Byung Wook Yun
Kyungpook National University, South Korea
Byung-Wook Yun has completed his PhD jointly at Kyungpook National University (KNU) and Korea Research Institute of Bioscience & Biotechnology (KRIBB) in 1998, investigating the function of plant peroxidases. He completed his Post-doctoral and senior research fellowship at the University of Edinburgh (UK), studying Nitric Oxide (NO) signaling in plant immune system, mentored by Professor Gary Loake. Currently he is working as an Associate Professor of the School of Applied Biosciences at KNU. His Plant Functional Genomics Lab is focusing on NO-mediated plant defense system toward both biotic and abiotic stresses using transcriptomics approaches.
Forest trees, including poplar, have evolved to overcome harsh environmental conditions including drought stress. Populus trichocarpa has been studied as a model poplar species through biomolecular approaches and is the first tree species to be genome sequenced. In contrast, the genome of P. davidiana, the Korean aspen, has not been sequenced and is considered highly tolerant to drought stress. In this study, we used high throughput RNA-Seq mediated leaf transcriptome analysis to investigate the response of 4 different P. davidiana cultivars to drought stress. Based upon preliminary studies including H2O2 measurements and histological staining, the cultivars were divided into two major groups “drought-tolerant (Seogwang9, Palgong2)” and “drought-susceptible (Palgong1, Junguk6-2)”. P. davidiana plants grown on MS (Murashige and Skoog) media for 8 weeks were air-dried for 10 minutes and leaves were harvested for transcriptome analysis along with untreated control samples.
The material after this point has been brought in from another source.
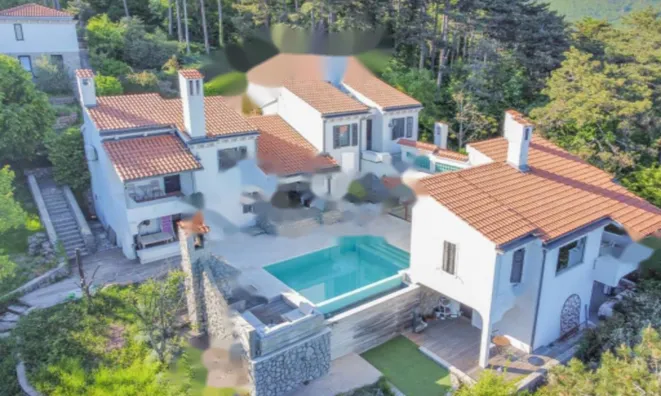 Недвижимость Семейный дом в центре Опатии: 1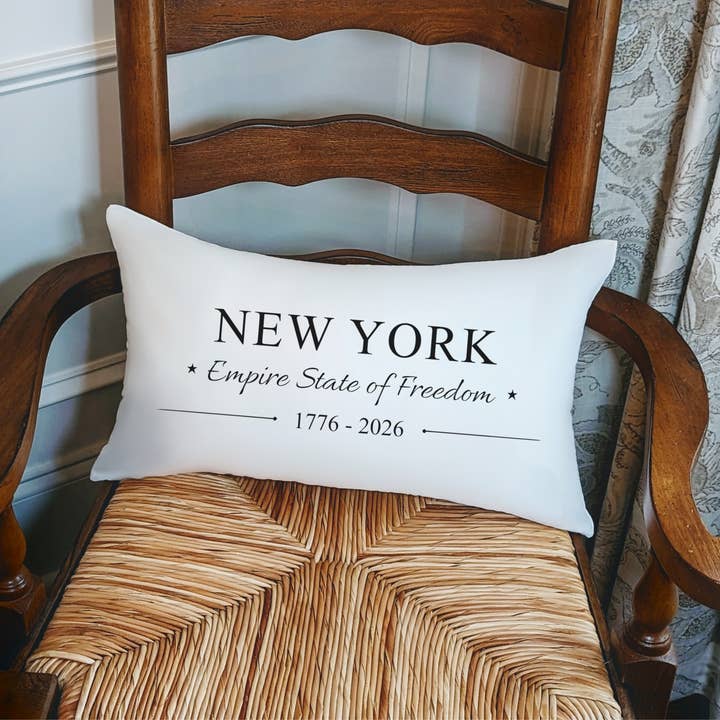 Amérique 250 Coussin : New York, Empire State, 1776 - 2026 pour la vente par AbbyKate HOME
Following RNA-Seq, we compared the transcriptome profiles between the two groups for DEGs (Differentially Expressed Gene), GO (Gene Ontology) enrichment analysis, and identified common drought stress marker genes. Further analysis identified two distinct DEGs with contrasting expression patterns in the drought-sensitive and tolerant groups i.e. up-regulated in the drought-tolerant group while down-regulated in the sensitive group. BLAST analysis showed that both these genes encode 9-cis-epoxycarotenoid dioxygenase (NCED), a key enzyme required for ABA biosynthesis. This suggests a significant role of these two genes in conferring drought tolerance to P. davidiana cultivars in the drought-tolerant group. This study presents the first evidence of a significant role of NCED genes in regulating ABA-dependent drought stress responses in P. davidiana as it has already been shown that NCED regulate ABA-dependent drought adaptation via mRNA de-capping machinery in certain varieties of some plant species. We therefore, suggest the utility of these genes as genetic markers for differentiating drought tolerant and sensitive poplar cultivars.